Chemotherapy is the primary mode of treatment for patients with advanced bladder cancer. However, because of their non-specificity, chemotherapy drugs induce many notable side effects in patients. Recent studies have shown that the expression of certain long non-coding RNAs (lncRNAs) is closely related to the sensitivity of tumors to chemotherapeutic drugs. Thus, lncRNAs can be exploited as markers of tumor chemotherapeutic sensitivity to improve the efficacy of chemotherapy. Here, we investigated the role of the lnc00892 in the response of bladder cancer cells to cisplatin.

Results

Mechanistically, both RNA pull down assay and RIP experiment showed lnc00892 bound to BTAF1, which accelerated the dissociation of TFIID from the MDM2 promoter region in cisplatin-treated bladder cancer cells.
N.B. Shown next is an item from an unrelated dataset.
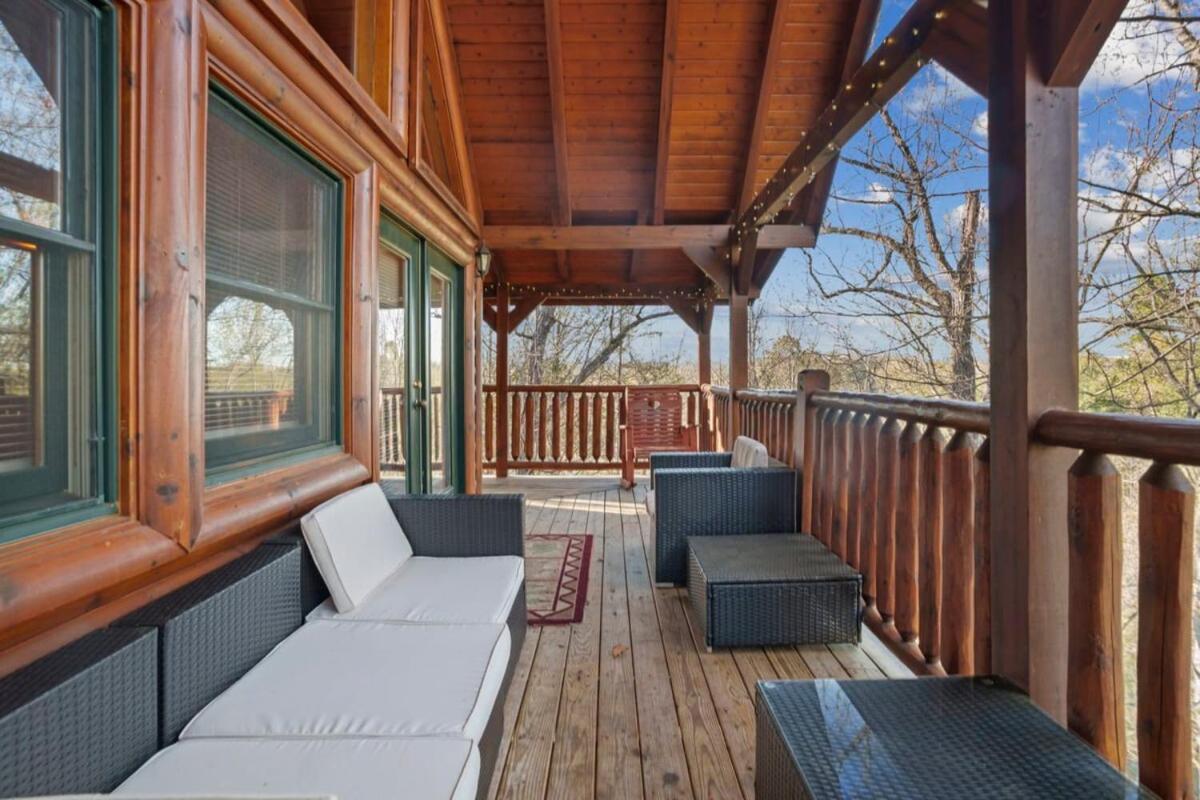 Stunning Mountain Cabin W Hot Tub Гетлинбург Екстериор снимка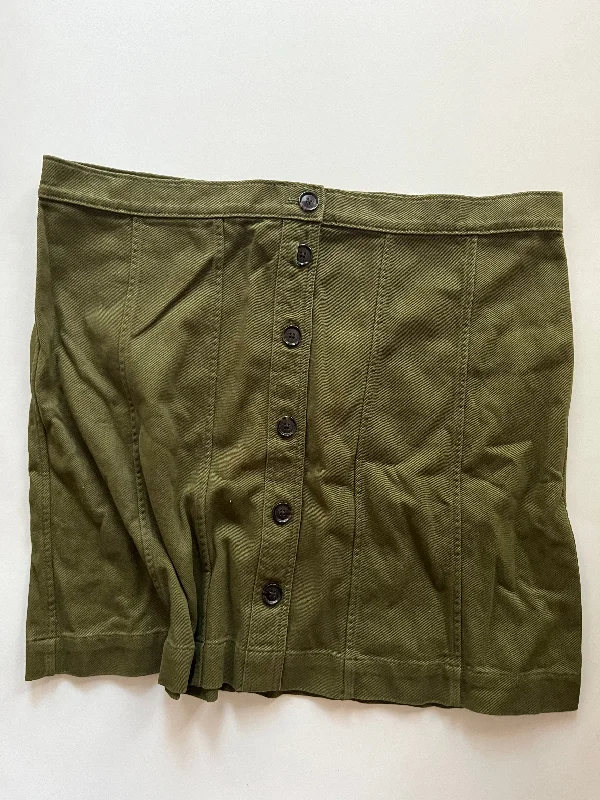 women's fair-trade solid-color skirtsGreen Skirt Mini & Short Banana Republic, Size 18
This process reduced the transcription of MDM2, promoting STAT5B protein degradation through the ubiquitination-mediated pathway. Ultimately, these events attenuated XIAP transcription and promoted bladder cancer cell apoptosis.

Conclusion

Lnc00892 promoted bladder cancer cells apoptosis by binding to BTAF1 which further reduced MDM2/STAT5B/XIAP levels, and ultimately promoted the sensitivity of bladder cancer cells to cisplatin. Lnc00892 could be used as a marker of cisplatin chemosensitivity in the clinic to improve the outcomes of patients with bladder cancer.